The military coup in Niger has raised concerns about uranium mining in the country by the French group Orano, and the consequences for France's energy independence.
@MattMastodon@Sodis Careful about labels. »Renewables« often includes biomass (which is just fast-track fossil tbh) and hydro (which is not so volatile). I'm talking about wind and solar specifically (volatiles).
40% is roughly the mean capacity factor of a good mix of volatiles. This is what you can directly feed to the user from the windmill/panel, without storage. You can expand a bit by massive overbuilding, but you can't overbuild your way out of no wind at night.

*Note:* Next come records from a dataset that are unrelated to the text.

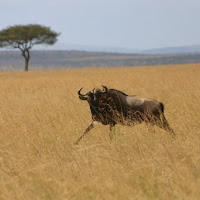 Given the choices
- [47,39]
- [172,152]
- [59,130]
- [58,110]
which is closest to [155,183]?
[172,152]

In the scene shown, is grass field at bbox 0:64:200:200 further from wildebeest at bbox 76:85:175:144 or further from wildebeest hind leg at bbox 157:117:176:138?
wildebeest at bbox 76:85:175:144

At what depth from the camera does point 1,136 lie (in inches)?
294

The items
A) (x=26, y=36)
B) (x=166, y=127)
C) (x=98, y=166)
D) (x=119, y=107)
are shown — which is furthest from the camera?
(x=26, y=36)

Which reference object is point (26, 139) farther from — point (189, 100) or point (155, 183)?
point (189, 100)

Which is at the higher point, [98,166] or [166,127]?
[98,166]

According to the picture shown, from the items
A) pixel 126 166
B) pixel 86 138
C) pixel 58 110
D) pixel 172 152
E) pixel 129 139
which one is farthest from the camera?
pixel 58 110

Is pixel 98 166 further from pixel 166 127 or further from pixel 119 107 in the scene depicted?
pixel 119 107

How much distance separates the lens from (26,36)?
57.7 meters

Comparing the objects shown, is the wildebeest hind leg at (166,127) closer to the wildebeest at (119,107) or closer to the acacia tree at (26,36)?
the wildebeest at (119,107)

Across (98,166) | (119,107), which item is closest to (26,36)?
(119,107)

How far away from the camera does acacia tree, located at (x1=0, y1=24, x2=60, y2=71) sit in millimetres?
57156

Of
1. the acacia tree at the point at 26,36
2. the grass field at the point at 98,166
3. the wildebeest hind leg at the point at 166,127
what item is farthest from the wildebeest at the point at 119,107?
the acacia tree at the point at 26,36

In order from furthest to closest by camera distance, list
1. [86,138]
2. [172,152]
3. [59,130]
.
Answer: [59,130] → [86,138] → [172,152]

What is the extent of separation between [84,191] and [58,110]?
5.75 metres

Mostly we don't use energy at night. In the UK there is a peak in the morning. In the UK we mainly use gas to fill this. We will have to find a storage solution as nuclear can't be upscale that quickly. Gas was meant to be used just to fill the gaps but it's quickly become a staple.
We need to find a way of smoothing the graph. Energy storage is the best option in the short term.
@MattMastodon@Sodis Again: that demand is lower at night is already factored in. Roughly 40% of demand can be directly met by volatile sources. You may think nuclear is slow to deploy, but it's still much faster than anything that doesn't exist.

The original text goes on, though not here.